What you have to do: After locating the line with "Lululemon Urban Strides", repeat it and every following line to the end of the listing, exactly. Omit the pictures.

Data provided:
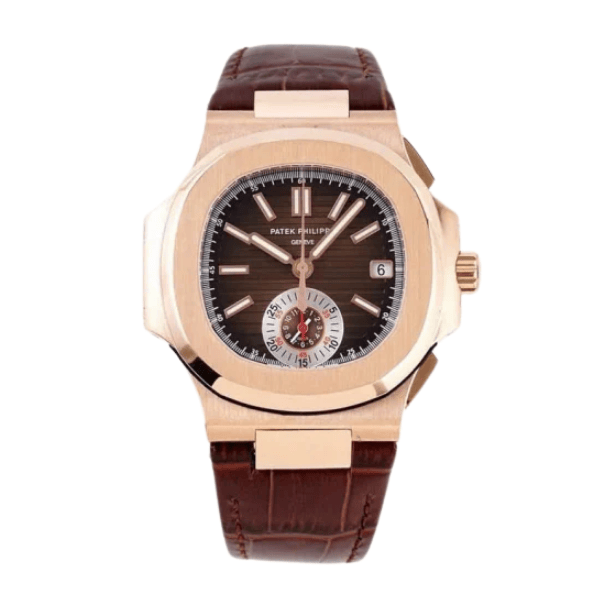 Patek Philippe Nautilus 5980R-001 40.5mm Chronograph Rose Gold – 12A 1:1 Super Clone Watch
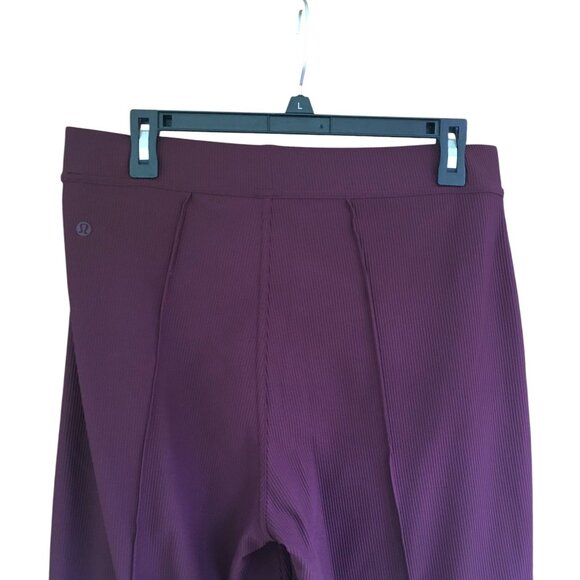 Lululemon Urban Strides Pants Women's Size 10 Pull On Super High Rise Cassis - Picture 4 of 11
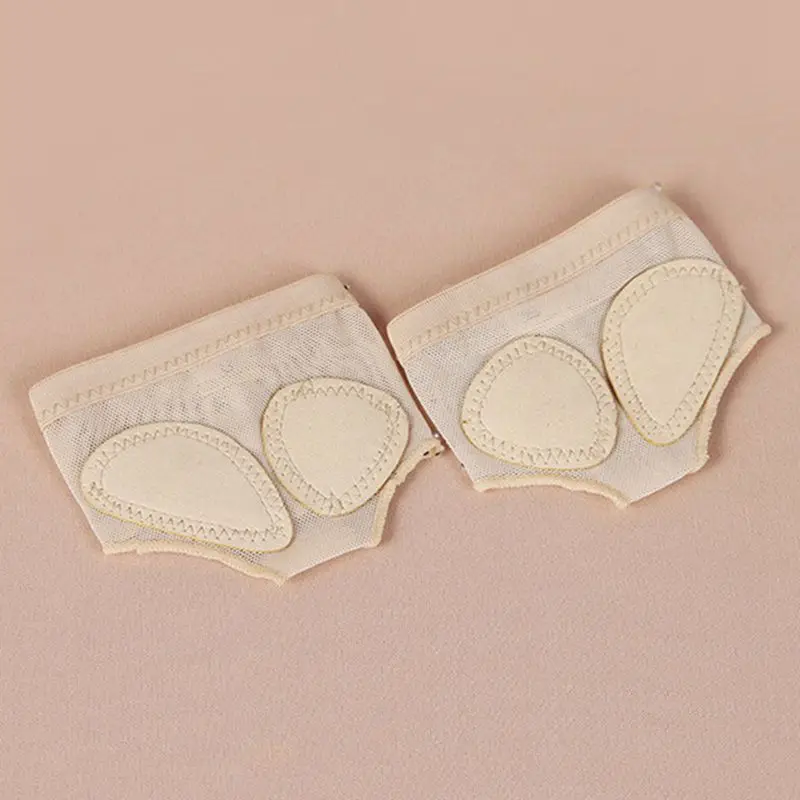 1 pair Belly Ballet Dance Toe Pad Practice Shoe Foot Thong Care Tool Half Sole Gym Sock Dance shoes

Exercise result:
 Lululemon Urban Strides Pants Women's Size 10 Pull On Super High Rise Cassis - Picture 4 of 11
 1 pair Belly Ballet Dance Toe Pad Practice Shoe Foot Thong Care Tool Half Sole Gym Sock Dance shoes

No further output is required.